On visiting day, we Tubman bunk campers woke up spectacularly early. The breezy mountain air felt clean and new, blowing away the cobwebs of sleep. Tingly with anticipation, we all waited on the bunk steps after breakfast for the buses and cars to start arriving. Sharon had scrubbed the sparkly green polish from her fingernails and toenails the evening before, while everyone else cleaned the bunk.
“The best thing about visiting day,” Poose said, “is that your family brings all your favorite foods.” The other girls laughed and joked about fried chicken and homemade brownies, but Emma and I were pretty quiet. Our excitement was mixed up with worry.
We had carefully choreographed where we would each greet our families, and how we would escort them across the grassy field to our staked-out picnic spots on opposite sides of the giant oak. So neither family would catch sight or sound of the other until the perfect time.
Then there was Oliver sprinting across the field, his arms outstretched, banking into a turn and swooping at me for an exuberant hug. We marched arm in arm, grinning and trying to trip each other, back toward our parents, waiting just a few feet away on the path at the edge of the grass. Esther was so thin. It was hard to look at her. Her head was wrapped in a turquoise scarf, with a fancy knot at her neck. I closed my eyes when I kissed her, then hugged her gingerly, wondering if she was still nauseous and tired all the time.
“I missed you.” Esther’s voice sounded exactly the same. She smelled the same too, like rain.
“Me too,” I said. “I’ve been thinking about you a lot.” That was certainly true.
“I want to hear all about camp. Your friends, everything.” Esther stroked my hair and I wondered if the red made her think of Rosa. Did that make her hate my hair or love it?
“You didn’t get too old for a Molly sandwich, did you?” Jake asked.
“No way,” I said, but I wondered if maybe I had. Jake hugged my back—that made me the sandwich meat in our childhood game.
“Enough mushy stuff,” Oliver said. “Let’s eat.”
I picked up the beach quilt and started walking. “I’ve got the best spot picked out—my favorite place in camp.” I led the family parade to the far side of the white oak, facing the woods and the path down to the lake.

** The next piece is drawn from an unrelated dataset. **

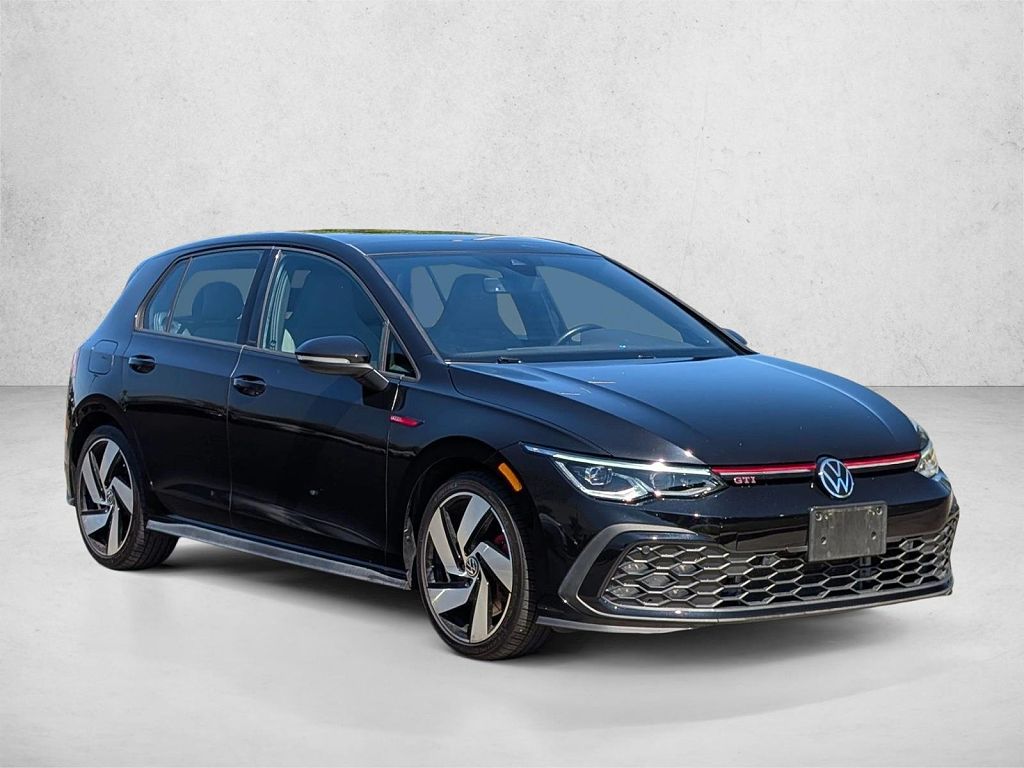 2022 Volkswagen Golf SE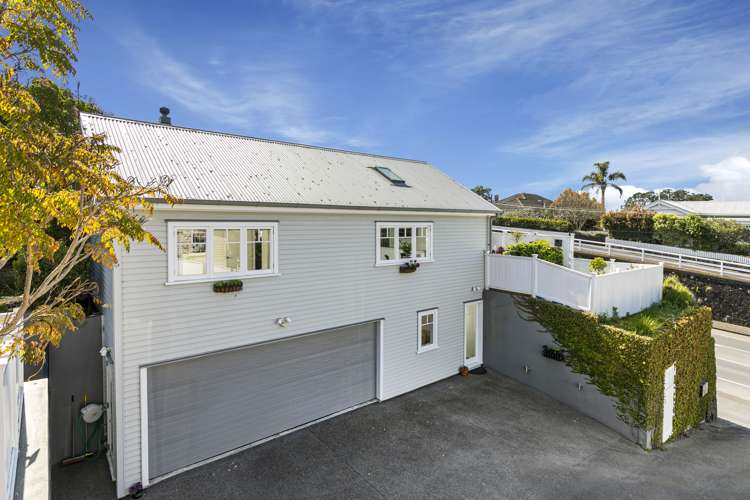 47 Lake Road Devonport_17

Esther pulled paper plates and paisley napkins from the canvas bag, pausing and smiling at me between every handful.
I wasn’t ready for this. Rachel had always complained a lot about her mom, but I usually liked mine okay. Now I had no clue who Esther really was: my sweet mama, who made paper dolls from scratch? Who was sick and could die? Or a radical rabble-rouser who kept a secret so big it grew into a lie? I didn’t know which, and maybe I wasn’t ready to find out for sure. But it was hard to be around her.
So I turned to Jake. “Come take a walk with me?”
“Now?”
“Just to the lake and back. I want to talk to you.”
Esther looked hurt but she nodded. “Go ahead, but be back in fifteen minutes or Oliver and I will eat your brownies.”